21. On or about July 10 or July 11, 2003, LIBBY spoke to a senior official in the White House ("Official A") who advised LIBBY of a conversation Official A had earlier that week with columnist Robert Novak in which Wilson's wife was discussed as a CIA employee involved in Wilson's trip. LIBBY was advised by Official A that Novak would be writing a story about Wilson's wife.
22. On or about July 12, 2003, LIBBY flew with the Vice President and others to and from Norfolk, Virginia, on Air Force Two. On his return trip, LIBBY discussed with other officials aboard the plane what LIBBY should say in response to certain pending media inquiries, including questions from Time reporter Matthew Cooper.
23. On or about July 12, 2003, in the afternoon, LIBBY spoke by telephone to Cooper, who asked whether LIBBY had heard that Wilson's wife was involved in sending Wilson on the trip to Niger. LIBBY confirmed to Cooper, without elaboration or qualification, that he had heard this information too.
24. On or about July 12, 2003, in the late afternoon, LIBBY spoke by telephone with Judith Miller of the New York Times and discussed Wilson's wife, and that she worked at the CIA.
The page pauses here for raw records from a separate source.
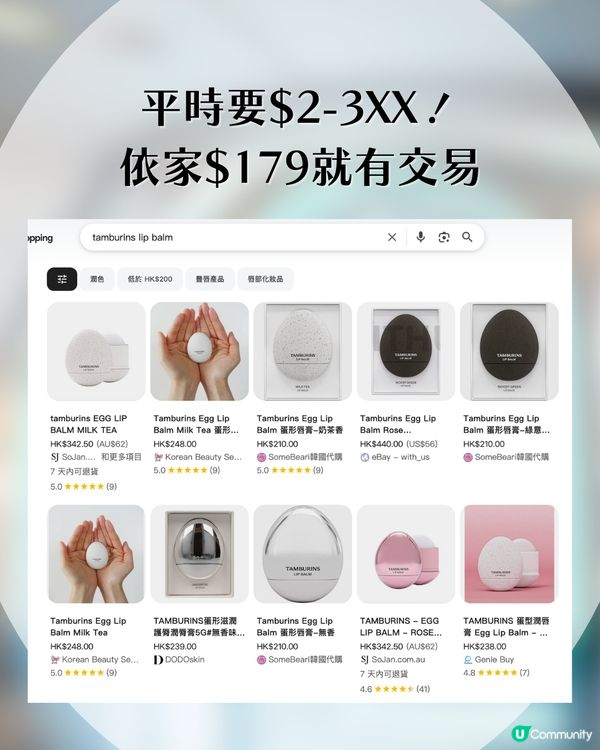 Blinks 注意！Jennie同款香氣 Tamburins 激抵價入手🤫 蛋形潤唇膏/護手霜禮盒低至$179！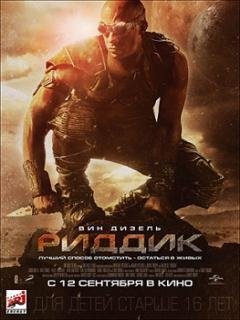 Риддик 2013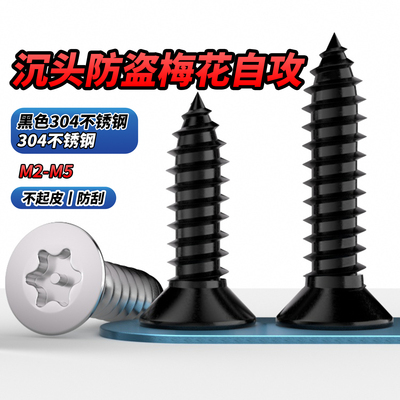 黑色304沉头防盗梅花自攻钉带柱
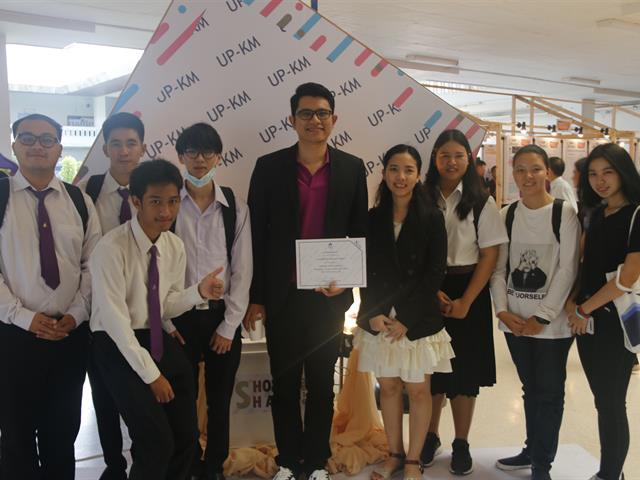 คณะเทคโนโลยีสารสนเทศและการสื่อสาร,มหาวิทยาลัยพะเยา,ร่วมกิจกรรม,SHOW,&,SHARE,UP-KM,2019,ครั้งที่,1
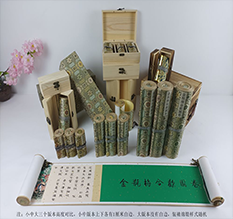 玉屏胡也佛金瓶梅秘戏图3卷-小中大三版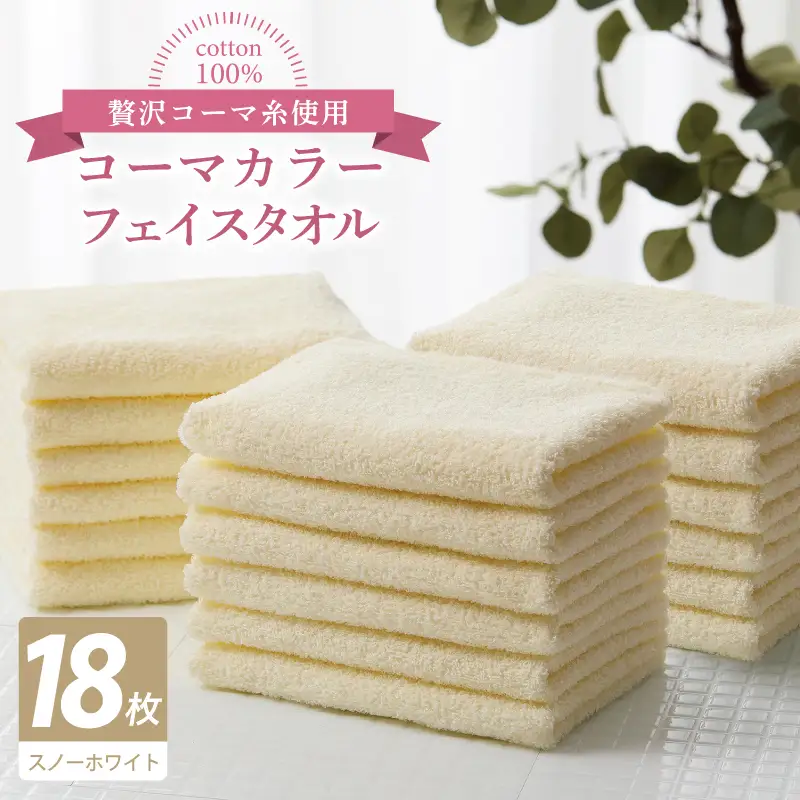 コーマカラーフェイスタオル18枚セット（スノーホワイト）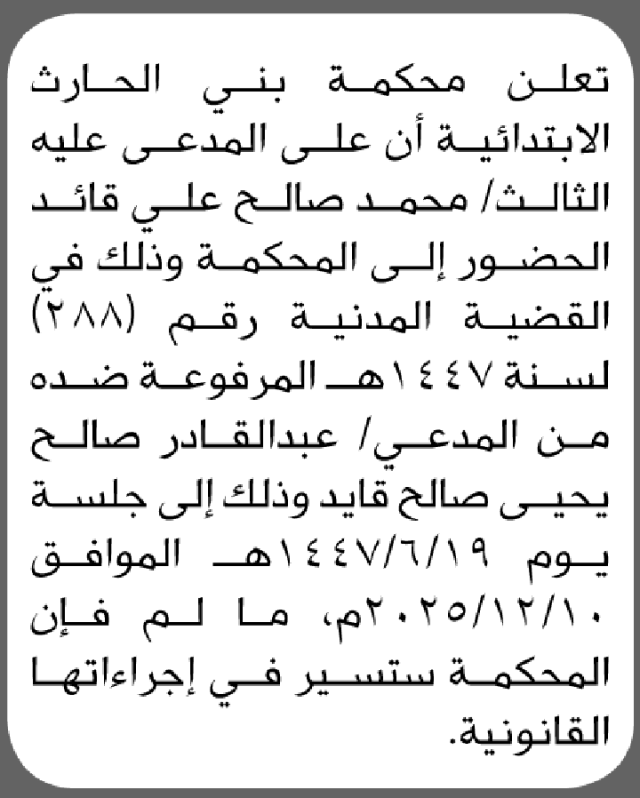 تعلن محكمة بني الحارث الابتدائية بأن على/ محمد صالح قائد الحضور إلى المحكمة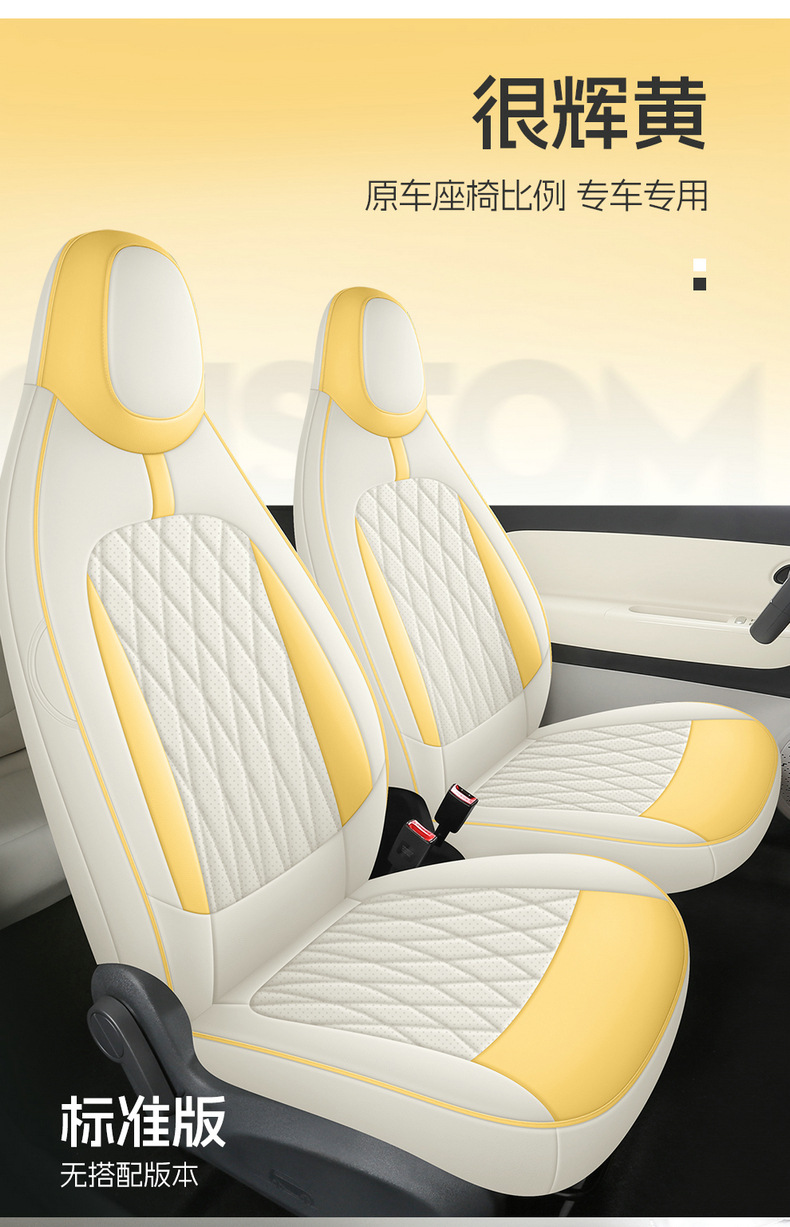 Factory Direct Sales Special Car Seat Cushion Aishang A100C Perforated Leather Wear-Resistant Car Seat Cushion Fully Surrounded Special Seat Cover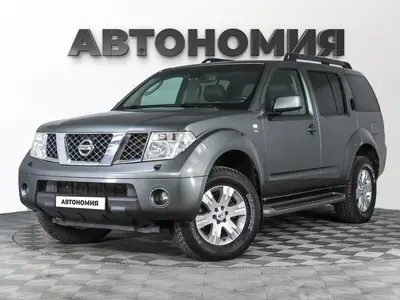 Nissan Pathfinder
The Criminal Investigation
25. On or about September 26, 2003, the Department of Justice authorized the Federal Bureau of Investigation ("FBI") to commence a criminal investigation into the possible unauthorized disclosure of classified information regarding the disclosure of Valerie Wilson's affiliation with the CIA to various reporters in the spring of 2003.
26. As part of the criminal investigation, LIBBY was interviewed by Special Agents of the FBI on or about October 14 and November 26, 2003, each time in the presence of his counsel. During these interviews, LIBBY stated to FBI Special Agents that:
a. During a conversation with Tim Russert of NBC News on July 10 or 11, 2003, Russert asked LIBBY if LIBBY was aware that Wilson's wife worked for the CIA. LIBBY responded to Russert that he did not know that, and Russert replied that all the reporters knew it. LIBBY was surprised by this statement because, while speaking with Russert, LIBBY did not recall that he previously had learned about Wilson's wife's employment from the Vice President.
b. During a conversation with Matthew Cooper of Time magazine on or about July 12, 2003, LIBBY told Cooper that reporters were telling the administration that Wilson's wife worked for the CIA, but that LIBBY did not know if this was true; and
c. LIBBY did not discuss Wilson's wife with New York Times reporter Judith Miller during a meeting with Miller on or about July 8, 2003.
27. Beginning in or about January 2004, and continuing until the date of this indictment, Grand Jury 03-3 sitting in the District of Columbia conducted an investigation ("the Grand Jury Investigation") into possible violations of federal criminal laws, including: Title 50, United States Code, Section 421 (disclosure of the identity of covert intelligence personnel); and Title 18, United States Code, Sections 793 (improper disclosure of national defense information), 1001 (false statements), 1503 (obstruction of justice), and 1623 (perjury).
28. A major focus of the Grand Jury Investigation was to determine which government officials had disclosed to the media prior to July 14, 2003 information concerning the affiliation of Valerie Wilson with the CIA, and the nature, timing, extent, and purpose of such disclosures, as well as whether any official making such a disclosure did so knowing that the employment of Valerie Wilson by the CIA was classified information.